-Re: 3-Hour Periodic Network/CPU/Disk/Latency Spikes
Ted Yu 2013-12-13, 23:33
Attachment didn't go through.
On Dec 13, 2013, at 3:18 PM, Patrick Schless <[EMAIL PROTECTED]> wrote:
> Very interesting, I think we may be on to something. I grabbed all the timestamps for major compactions completing and put them on a graph (see attached). Each horizontal line is an individual server, and the dots are when compactions complete. Each server clearly has a cluster of compactions about every 3 hours, and several of the servers are aligned such that they are compacting at the same time.

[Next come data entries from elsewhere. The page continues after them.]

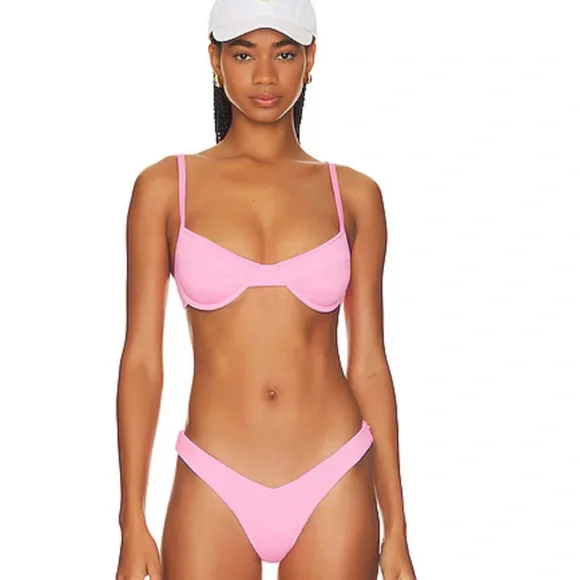 KULANI KINIS ORANGE BIKINI SET - Picture 2 of 15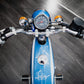 1976 YAMAHA FS1-ED CANDY BLUE 49cc CLASSIC MOPED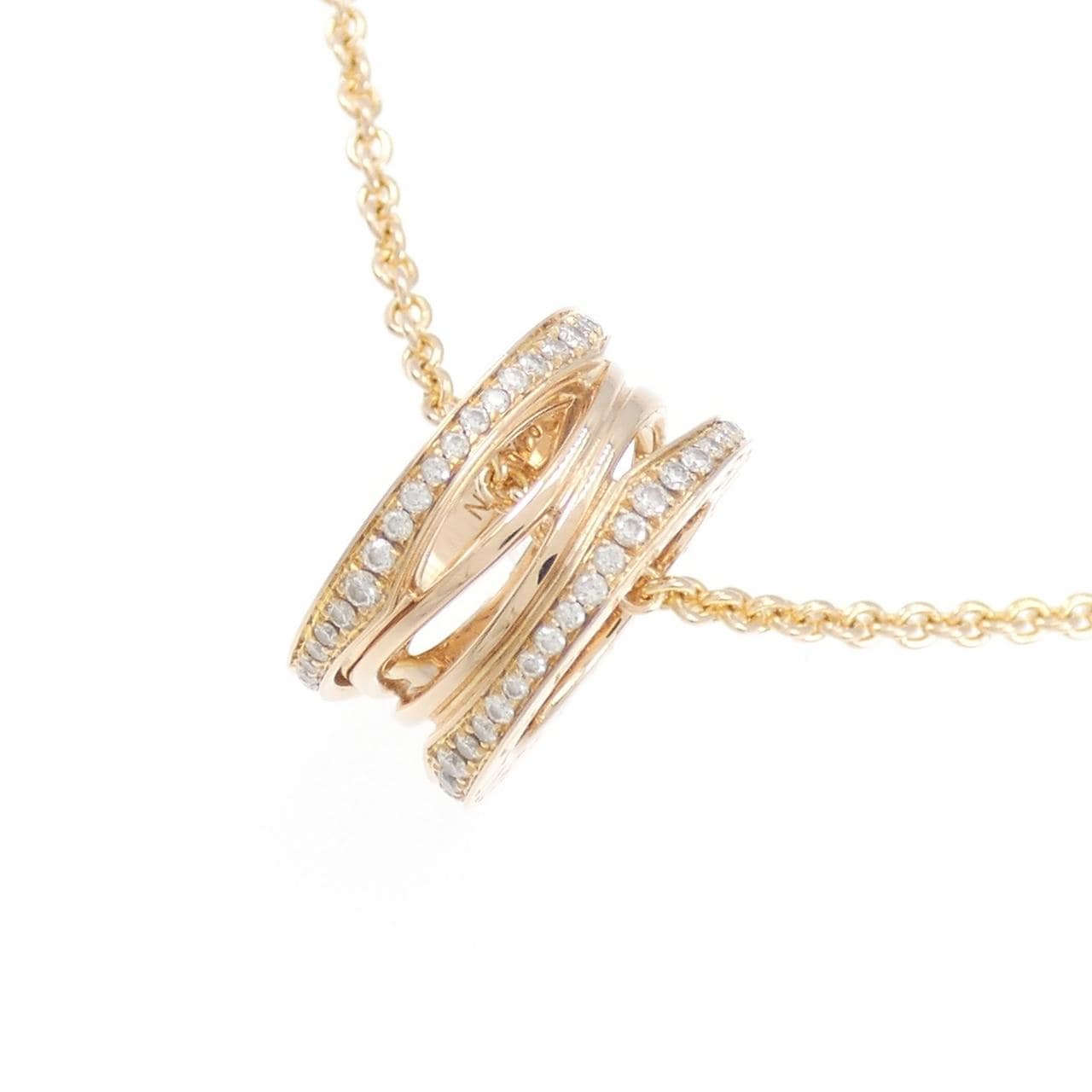 BVLGARI B.zero1 设计传奇项链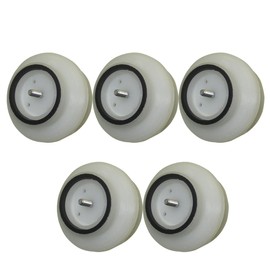 Ouyunou 1/4'' Screw In-line Fuel Filter For Tillotson HD HR Carburetor Walbro 07-246 LP07704 Snowmobile Replaces Fram G-30 SPI 07-246 Ski Doo 414-0964-00 Purolator GF-23, Pack of 5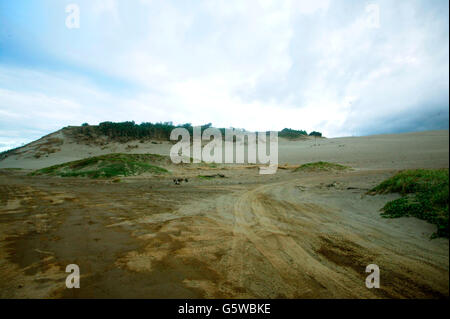 Kangzi Great Desert Stock Photo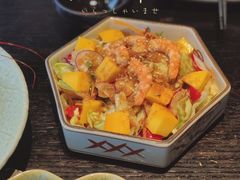 芒果鲜虾沙律-和一料理(安阳店)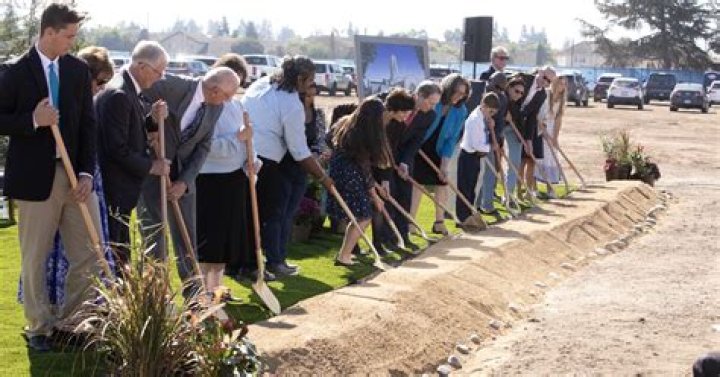 Ground broken for Modesto California Temple, one of state’s 12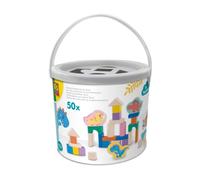 SES Creative Wooden Building Blocks Early Learning Educational Build Toys Sets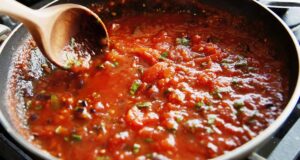 klasická rajčatová omáčka, kterou musíte vyzkoušet!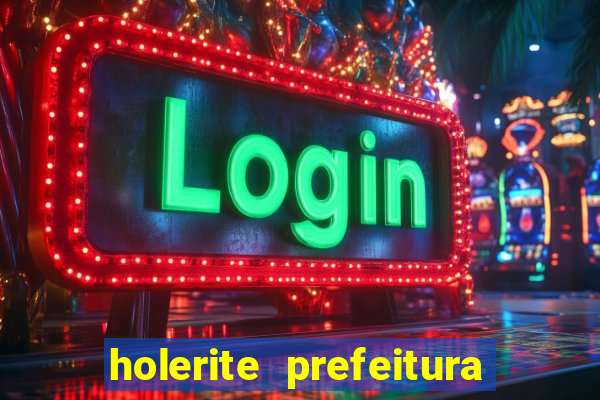 holerite prefeitura de santos
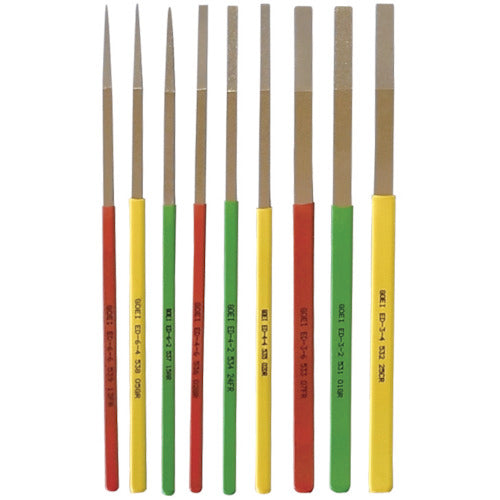 呉英 DIAヤスリ EDタイプ 9種類セット 530 1 S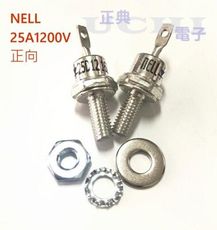 NELL 順向整流二極體 25A1200V正向 25D12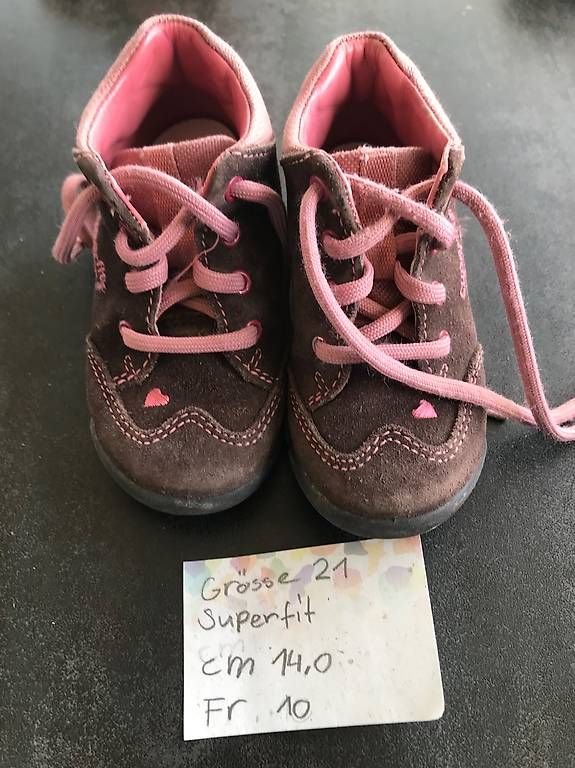 Scarpe per ragazzi: Superfit Lederschuhe 21 – Usato da Stettlen venduto da pie_8sys 1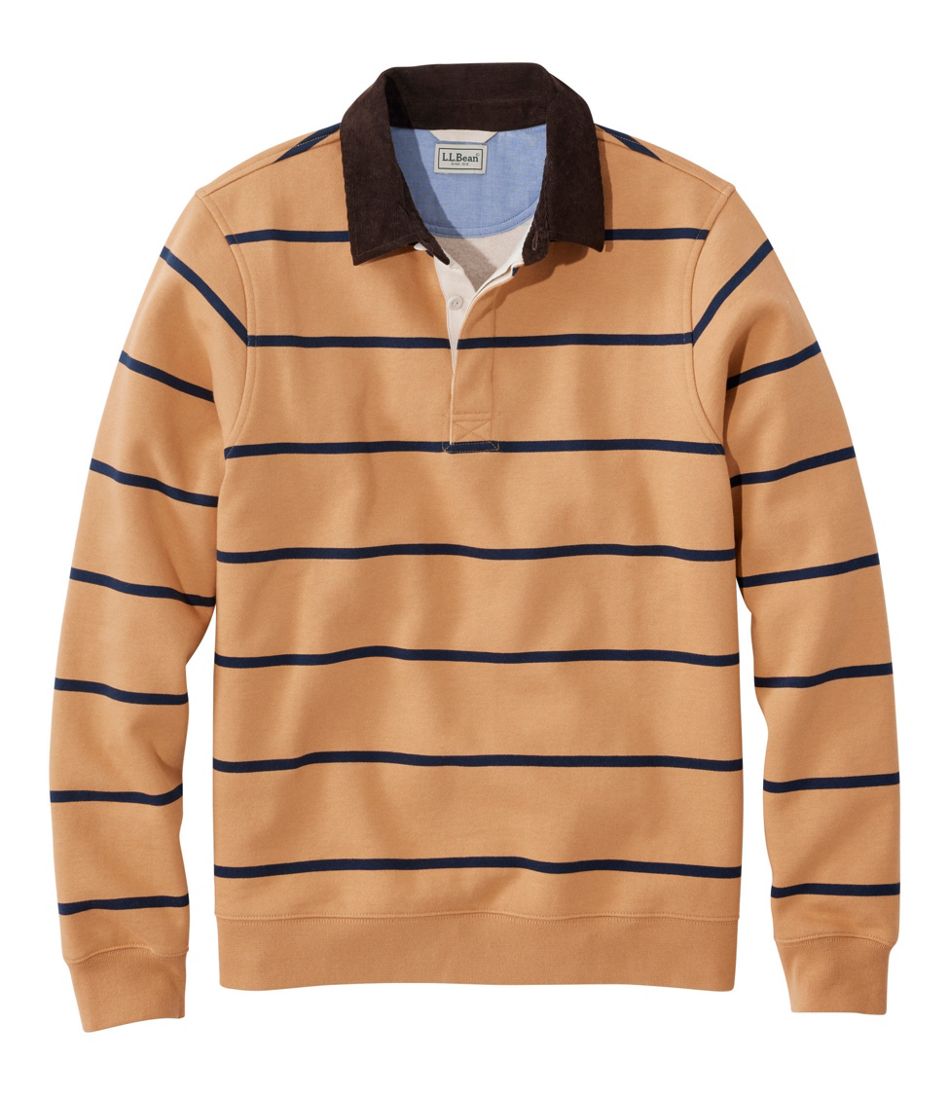 Men's Mariner Ultrasoft Sweatshirt, Stripe | L.L.Bean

> Should we be managing these compactions ourselves? Would it make more sense to have them less frequently (but presumably more expensive), or closer together?
> On Fri, Dec 13, 2013 at 2:19 PM, Bryan Beaudreault <[EMAIL PROTECTED]> wrote:
>> Have you taken a look at the logs on the RegionServers during the period?
>> One possibility is compactions happening organically. If you were
>> sustaining a certain level of writes most of the time, I could maybe see
>> that every 3 hours enough store files build up to require compactions.
>> There's nothing else automated in HDFS or HBase that I could see causing
>> On Fri, Dec 13, 2013 at 3:07 PM, Patrick Schless
>> <[EMAIL PROTECTED]>wrote:
>> > CDH4.1.2
>> > HBase 0.92.1
>> > HDFS 2.0.0
>> > Every 3 hours, our production HBase cluster does something that causes all
>> > the data nodes to have a sustained spike in CPU/network/disk. The spike
>> > lasts about 30 mins, and during this time the cluster has greatly increased
>> > latencies for our typical application usage.
>> > I can't find anything in our application that would have such a periodic
>> > and significant behavior. Is there anything that HBase/HDFS might be doing
>> > on it's own that would cause this? We're on the default schedule for major
>> > compactions, but I thought that was daily.
>> > Any ideas what could be causing this?
>> > Thanks,
>> > Patrick